Scenari di rischio e modello di intervento
Il piano, elaborato in raccordo con la Prefettura e con il coinvolgimento dei Comuni interessati, individua le aree potenzialmente esposte all’onda di piena e definisce le procedure operative da attivare in caso di emergenza. Sono inoltre previste fasi di allerta progressiva, con l’attivazione di specifici protocolli di intervento per la gestione coordinata delle criticità sul territorio.
Cultura e urbanistica, iniziative su Corrado Alvaro e intesa con l’Inu
Su indicazione del presidente Occhiuto, la Giunta ha stabilito l’avvio di iniziative per il 70° anniversario della morte di Corrado Alvaro, figura centrale della tradizione culturale calabrese. Contestualmente è stata approvata, su proposta del vicepresidente Filippo Mancuso, l’adesione della Regione e lo schema di protocollo d’intesa con l’Istituto Nazionale di Urbanistica (Inu), finalizzato alla collaborazione su politiche di pianificazione e sviluppo territoriale.
Trasporti, potenziati i collegamenti estivi per il turismo
Tra le misure approvate figura anche il rafforzamento del trasporto pubblico locale nel periodo estivo.
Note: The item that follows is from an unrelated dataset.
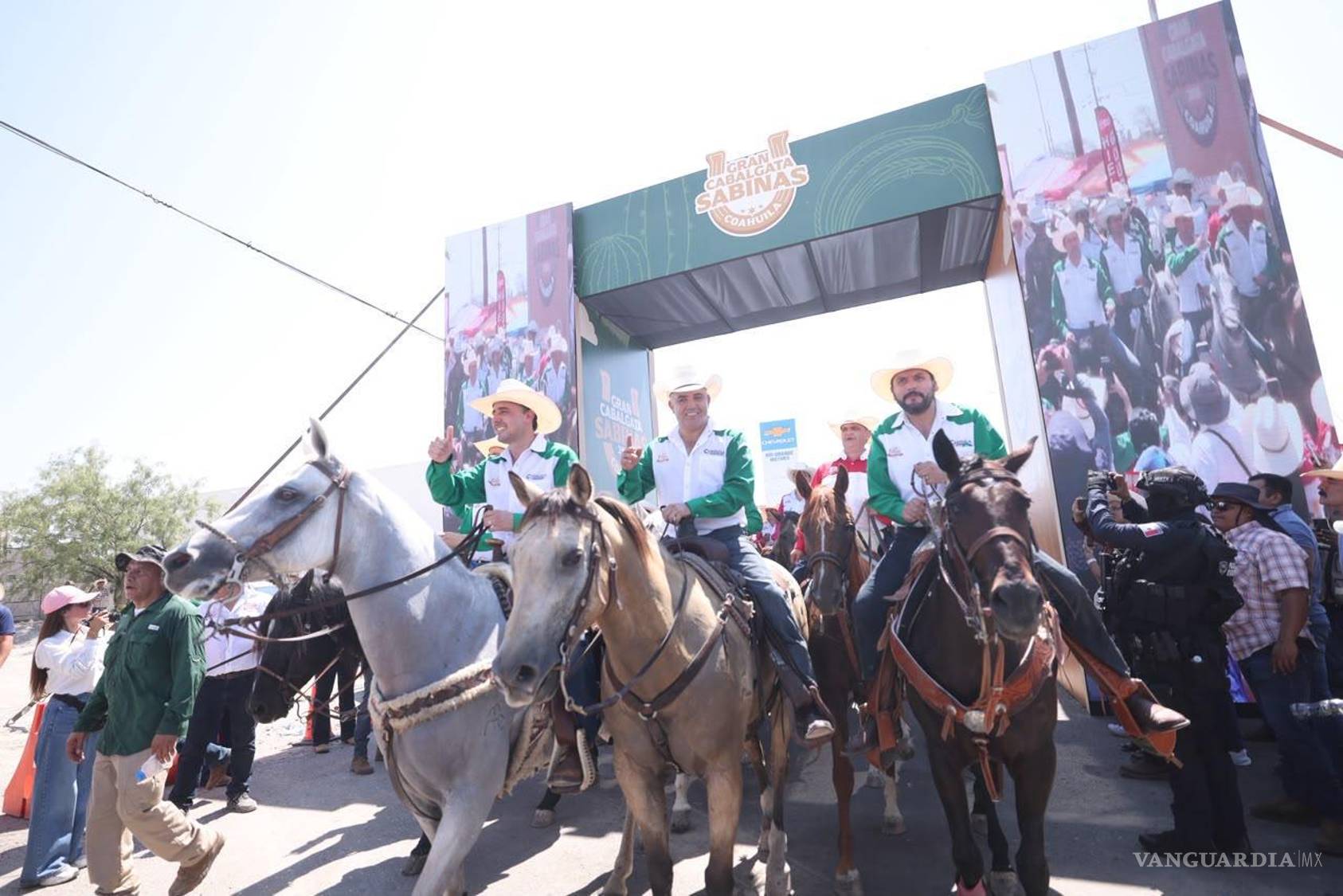 $!Familias y espectadores se congregaron en las calles de Sabinas para presenciar el paso de los jinetes.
Su proposta dell’assessore all’Agricoltura Gianluca Gallo, è stato approvato l’atto di indirizzo che prevede l’intensificazione delle corse ferroviarie e su gomma nei mesi di luglio e agosto 2026. Il piano riguarda in particolare le aree costiere e le principali destinazioni turistiche regionali, con l’obiettivo di migliorare l’accessibilità, sostenere la mobilità sostenibile e ridurre la pressione del traffico privato durante i periodi di maggiore afflusso. Sono previsti anche servizi straordinari in occasione di eventi turistici, culturali e religiosi.
Agricoltura, intesa con Agea e nuova nomina in Arcea
Sul fronte agricolo, la Giunta ha approvato lo schema di protocollo d’intesa tra Agea e Regione Calabria, volto a semplificare le procedure amministrative legate agli interventi di sviluppo rurale. Nella stessa seduta è stata disposta la nomina di Giuseppe Arcidiacono a commissario straordinario dell’Arcea, l’agenzia regionale per l’erogazione degli aiuti in agricoltura.
Welfare, approvate le linee guida sulla disabilità
Su proposta dell’assessore Pasqualina Straface, sono state approvate le linee di indirizzo per l’attuazione della riforma sulla disabilità prevista dal decreto legislativo 62/2024. Il documento definisce un quadro metodologico unico per Ambiti territoriali sociali e Aziende sanitarie provinciali, con l’obiettivo di garantire omogeneità nell’applicazione delle procedure di valutazione e nella costruzione dei progetti di vita personalizzati.
Ambiente, accordo con la Guardia Costiera per la tutela del mare
Infine, su indicazione dell’assessore all’Ambiente Antonio Montuoro, la Giunta ha deliberato lo schema di protocollo d’intesa con il Comando generale del Corpo delle Capitanerie di porto – Guardia Costiera. L’accordo punta a rafforzare la tutela del patrimonio costiero calabrese, riconosciuto come elemento strategico dal punto di vista ambientale, turistico ed economico, in una regione caratterizzata da oltre 800 chilometri di litorale e 116 comuni costieri.